> [Given data]:
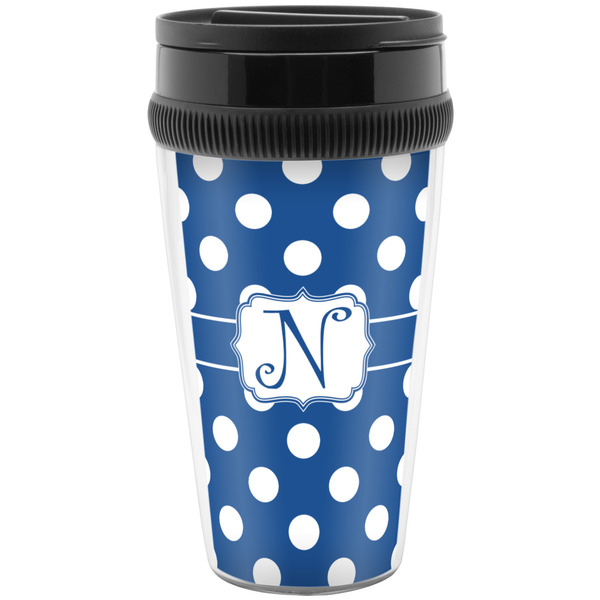 Custom Polka Dots Acrylic Travel Mug without Handle (Personalized)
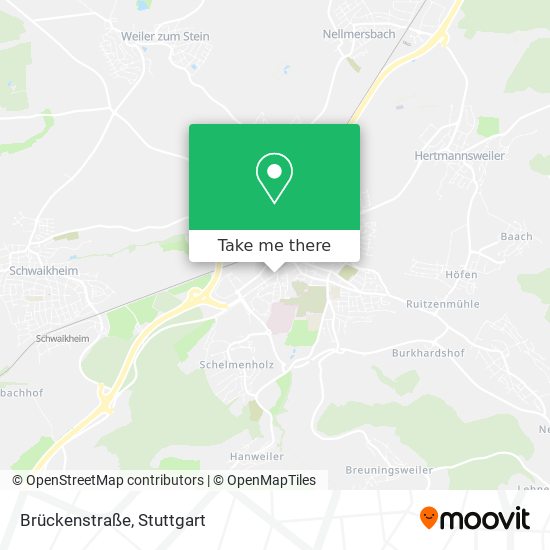 Brückenstraße map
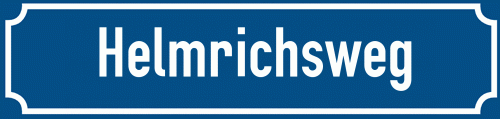 Straßenschild Helmrichsweg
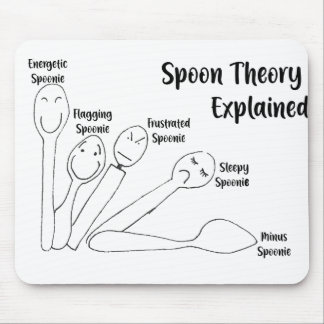 Spoon Theory Explained Mouse Pad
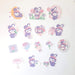 Set De 45 Stickers Washi Kawaii Lubbie Conejito Violeta 5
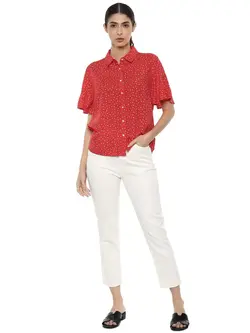 پیراهن طرح دار قرمز رنگ وَن هیوسن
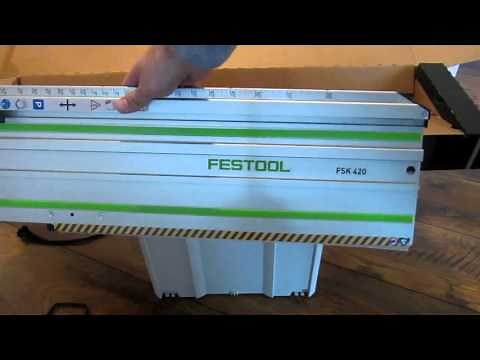 Unpacking / unboxing cross cutting guide rail Festool FSK 420 769942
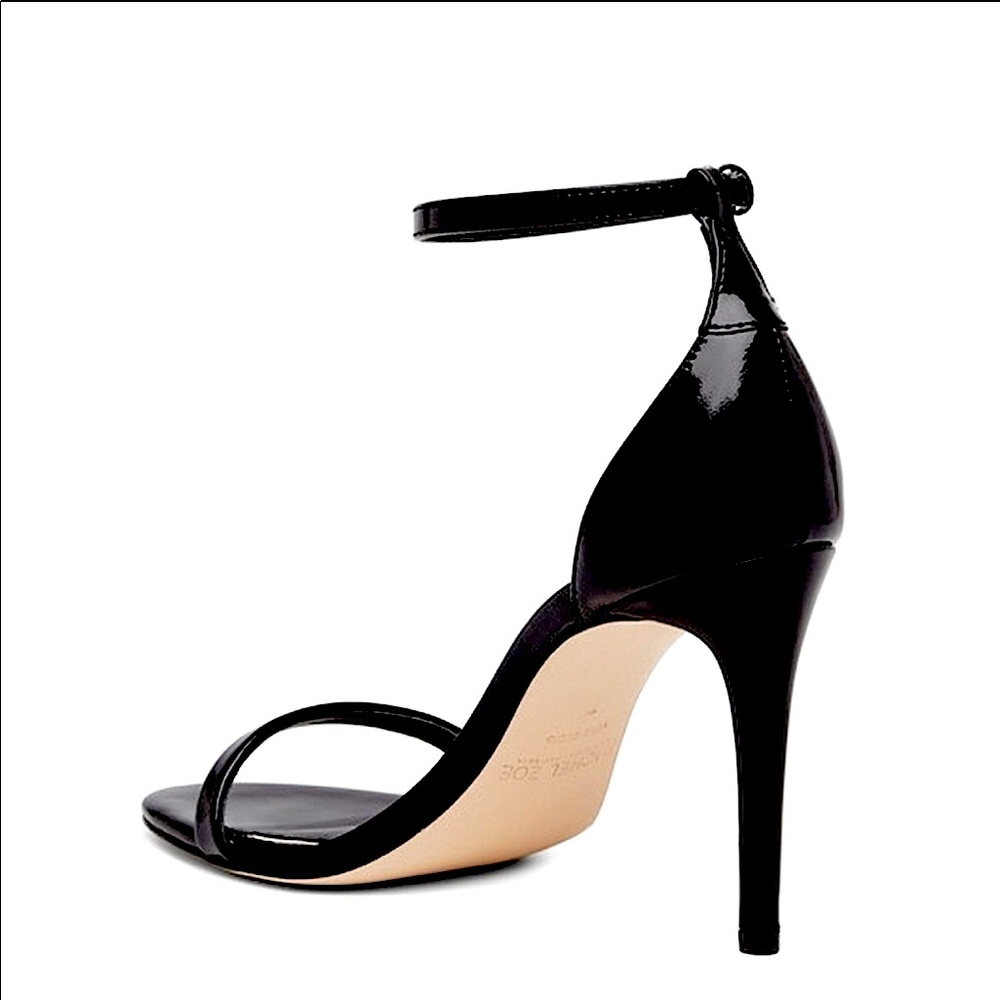 RACHEL ZOE Black Patent Ankle T-Strap Stiletto - Picture 9 of 12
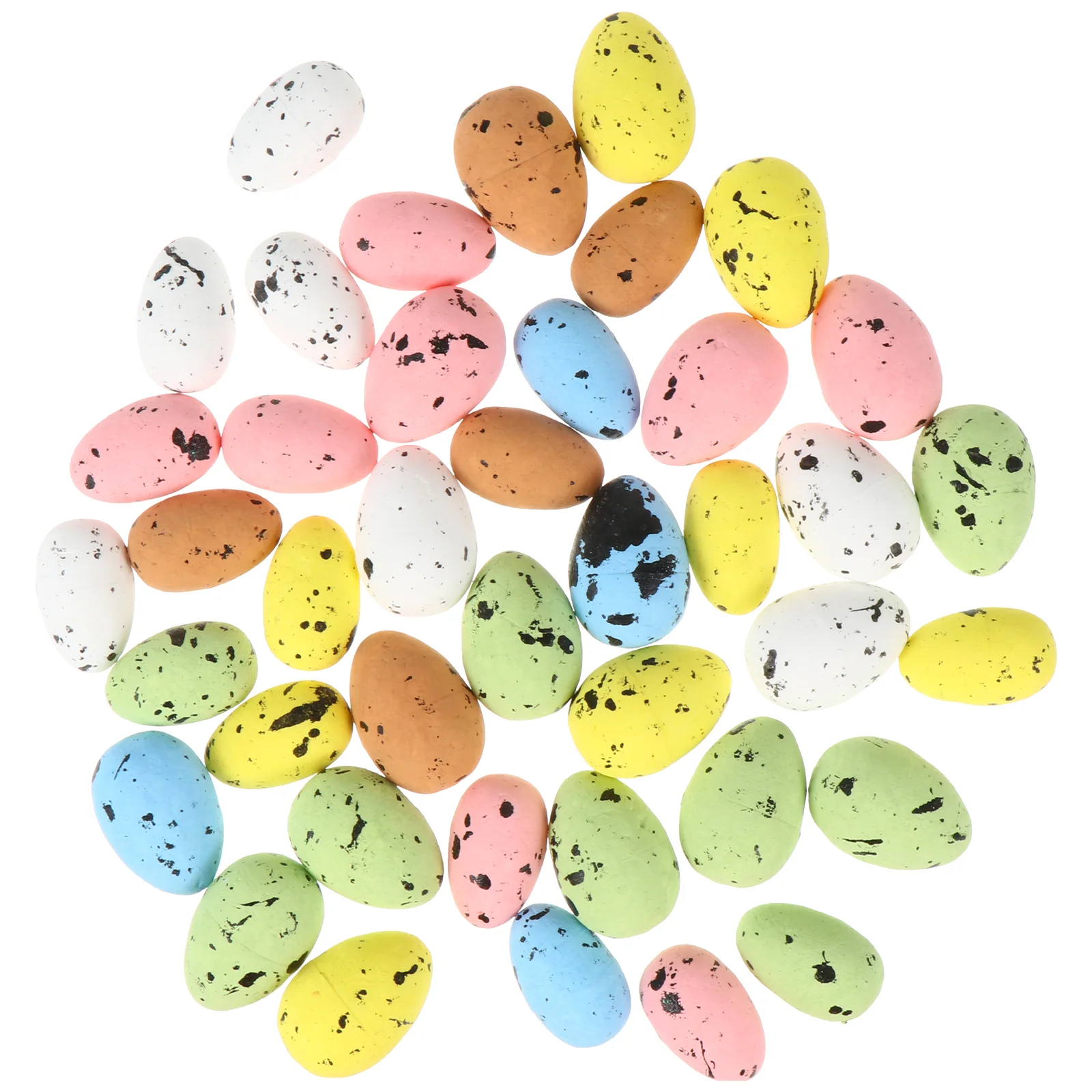 

40 Pcs Egg Painted Toy Egg Toy Snowglobe Ornament Foams Eggs Basket Filler Easter Eggs Gift Party Favors Egg Toy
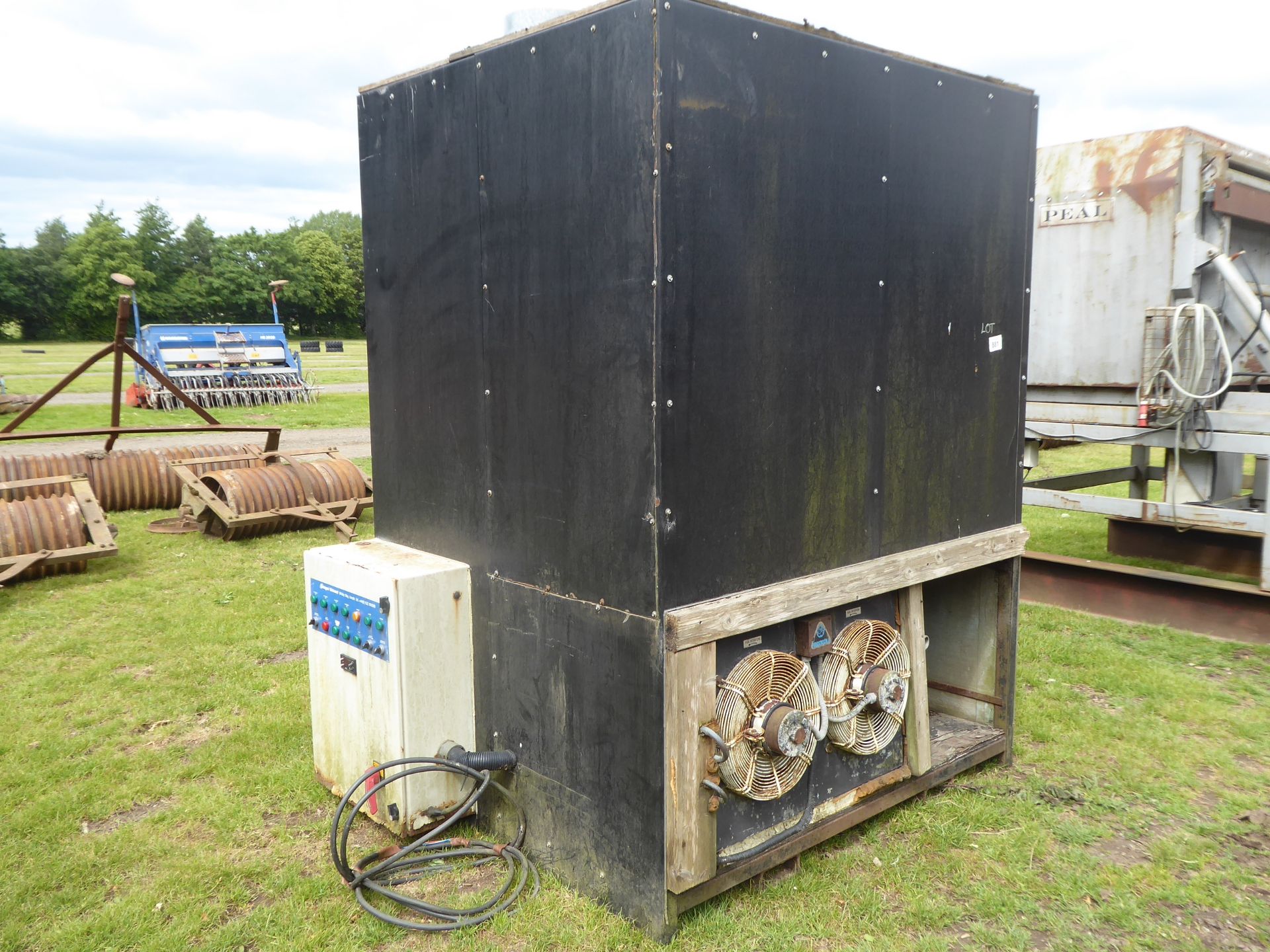 Welvent potato store cooling unit, gwo when removed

> [Task goal]: Please print every record exactly, leaving out the pictures.

> [Output for this task]:
 Custom Polka Dots Acrylic Travel Mug without Handle (Personalized)
 Brückenstraße map
 Straßenschild Helmrichsweg
 Spoon Theory Explained Mouse Pad
 Set De 45 Stickers Washi Kawaii Lubbie Conejito Violeta 5
 پیراهن طرح دار قرمز رنگ وَن هیوسن
 Unpacking / unboxing cross cutting guide rail Festool FSK 420 769942
 RACHEL ZOE Black Patent Ankle T-Strap Stiletto - Picture 9 of 12

40 Pcs Egg Painted Toy Egg Toy Snowglobe Ornament Foams Eggs Basket Filler Easter Eggs Gift Party Favors Egg Toy
 Welvent potato store cooling unit, gwo when removed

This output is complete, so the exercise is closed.